Canadian film critic

Norman Wilner is a Canadian film critic and festival programmer, best known as a longtime film critic for Toronto's alternative weekly newspaper Now.

Previously a writer for a variety of publications including the Toronto Star and Canadian editions of the Metro chain of newspapers, he joined Now in 2008 as its senior film writer. In a 2014 interview with Toronto Star writer Eric Veillette, he attributed his interest in film to the influence of his grandfather Percy, a longtime owner of Toronto's now-defunct Orpheum movie theatre. After Now was acquired by Media Central Corporation in 2019, making it a sister publication to Vancouver's The Georgia Straight, his reviews also sometimes appeared in that publication.

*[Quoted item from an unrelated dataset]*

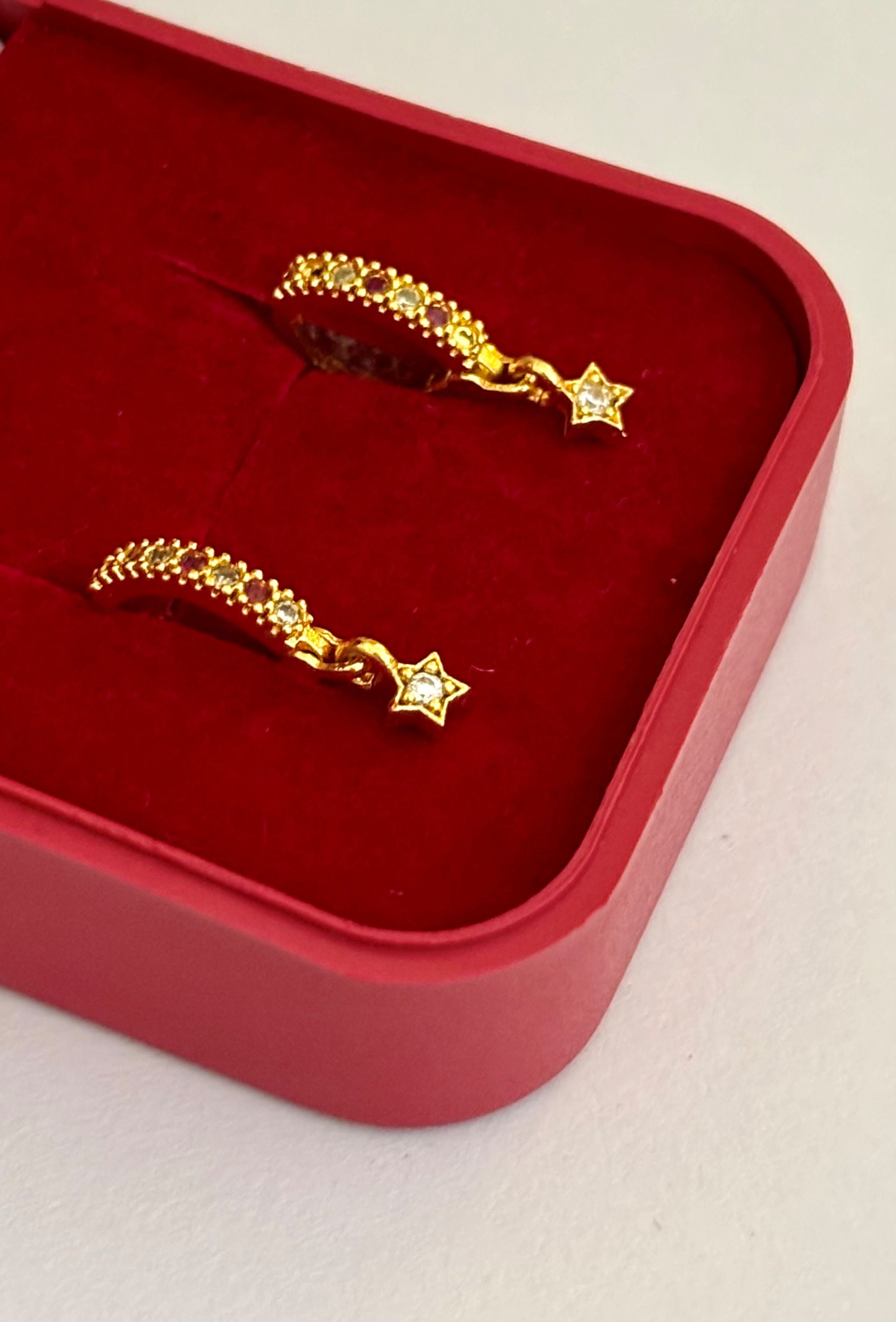 Star Charm Huggie Earrings with Pink and White Stones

Shortly after Media Central announced that it was filing for bankruptcy in April 2022, he left the publication to take a job as a programmer for the Toronto International Film Festival's digital initiatives. Following the retirement of Steve Gravestock from the festival in late 2022, he became the festival's lead programmer for Canadian films beginning with the 2023 Toronto International Film Festival, before departing the festival programming team in 2025.

He has also served as secretary and vice-president of the Toronto Film Critics Association from 2008 to 2016, and as host of Someone Else’s Movie, a podcast where he interviews a film industry figure about other filmmakers' work that they admire.

His brother, Mike Wilner, is a sportswriter for the Toronto Star and a former play-by-play announcer for Toronto Blue Jays games.